Una intensa y sentida ovación, con todo el público del Gran Teatre del Liceu en pie, desde la abarrotada platea hasta el último piso, ha agradecido a Tamara Rojo la magistral actuación con la que este sábado se ha despedido de los escenarios.

La interpretación que la más internacional de las bailarinas españolas ha ofrecido este sábado del personaje principal de «Giselle» ha sido la última de su carrera en España.

Tal como ella misma ha anunciado en varias ocasiones, Rojo quiere centrarse a partir de ahora en la dirección artística y escénica, y «Giselle», que viajará próximamente a Nueva York y París, es su despedida de los escenarios.

Aunque no quiere dar demasiada importancia a esta despedida, que califica de «algo natural» tras una larga y muy exitosa carrera como bailarina, ha elegido para el adiós una pieza con la que se siente especialmente implicada y reflejada.

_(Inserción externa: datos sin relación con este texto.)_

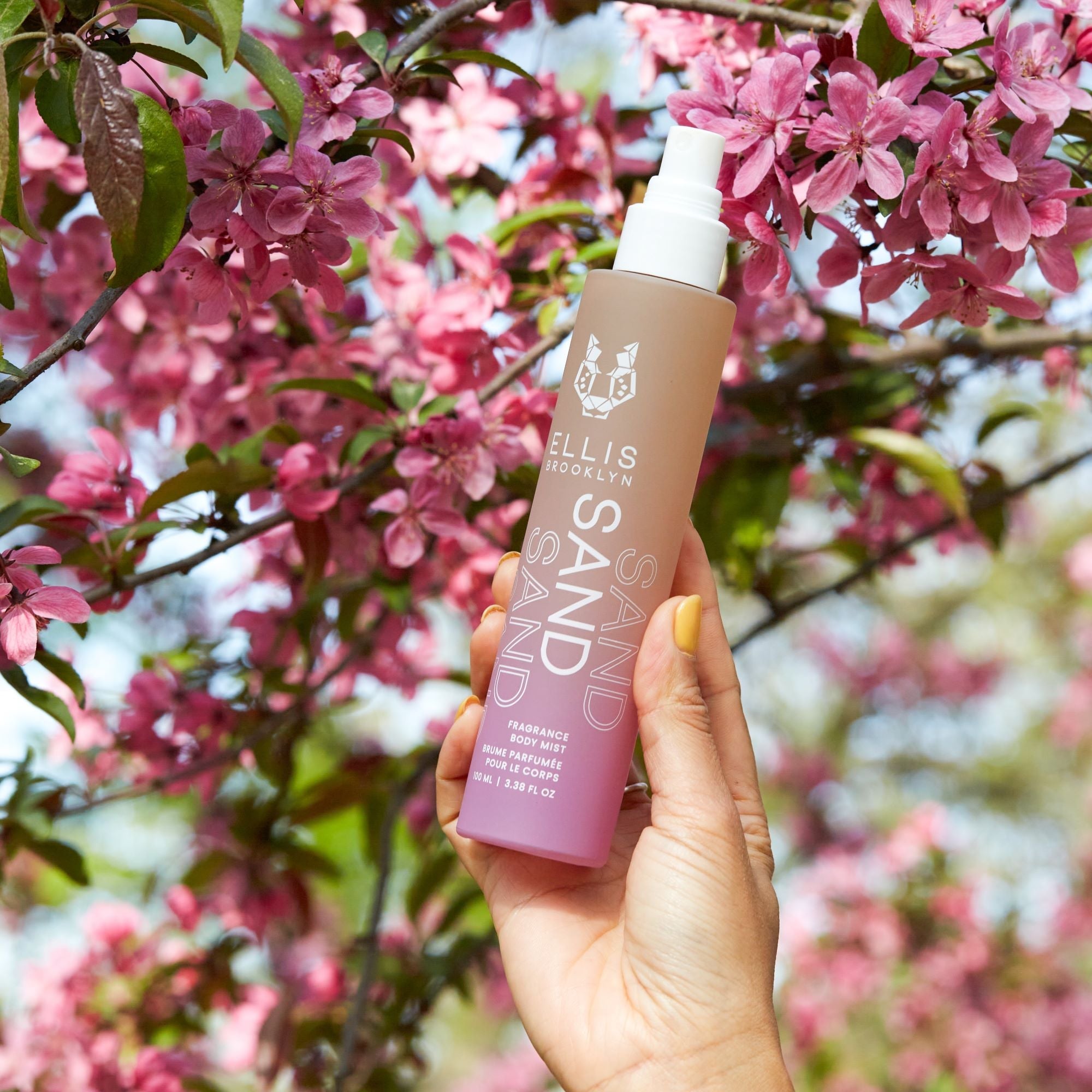 IMAGE 5: MODEL HOLDING SAND FRAGRANCE AND BODY MIST 100ML NEAR FLOWERS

«Es mi legado», dijo el pasado jueves, y este sábado el público ha podido comprobar que es un legado conmovedor y una obra maestra que deja poso.

«¿Pero por qué se retira?. No lo puedo entender», le decía una joven a su madre a la salida del Liceu. Y es que una Tamara Rojo en estado de gracia ha regalado hoy al público una interpretación llena de fuerza y matices.

Su perfección no ha sido la única que ha brillado sobre el escenario, porque la expresividad de los movimientos de Rojo ha ido acompañada de la fuerza del conjunto.

La coreografía oscura y vibrante de Akram Khan ha conmovido a los espectadores y ha permitido que Tamara Rojo diera lo mejor de sí misma.

El británico ha trasladado la acción de la Alemania medieval del clásico a una zona industrial contemporánea indeterminada, que podría ser el Manchester del final del siglo XIX o el Bangladés actual.

Los aldeanos del original son aquí trabajadores explotados o inmigrantes desesperados, que chocan contra un sobrecogedor muro gris que les separa del mundo de los privilegiados.

Un muro que golpean al principio de la obra los más de 30 intérpretes en escena y que, cuando finalmente se abre, no les acoge, sino que les genera más dolor.

La magnífica escenografía y vestuario de Tim Yip dibujan un mundo apocalíptico, en el que Giselle no es la inocente doncella del clásico, sino una mujer luchadora que se enfrenta a los poderosos y paga por ello.

Cuando descubre la traición del padre del hijo que lleva dentro, es engullida por un mar de cuerpos, en un remolino del que sale inerte, como los cadáveres que llegan a las costas del Mediterráneo cuando naufragan pateras.

Esta historia tan contemporánea va de la mano de una coreografía que fusiona danza clásica, contemporánea y kathak, y de una partitura extraordinaria compuesta para la ocasión por Vicenzo Lamagna, basada en la original de Adolphe Adam.

Hay melodías que se pueden reconocer, como la del inicio del segundo acto, cuando Mirta, la reina de las Willis, baila al son de un tema igual al de Adolphe Adam, pero en una tonalidad diferente que le da un giro más tétrico.

Pero en conjunto, Lamagna ha creado una composición nueva, marcada por la envolvente fuerza de percusión, que hoy ha interpretado la Orquestra Simfònica del Gran Teatre del Liceu.

Las tenebrosas luces de Mark Henderson ponen la guinda a un montaje, en el que Giselle y Mirta son una misma persona, pero con miradas opuestas sobre la vida, y las Willis son un ejército de espectros dispuestas a vengar a las víctimas del patriarcado.

Una revisión del clásico que ha aunado hoy en un mismo aplauso a los aficionados más puristas y a los nuevos públicos.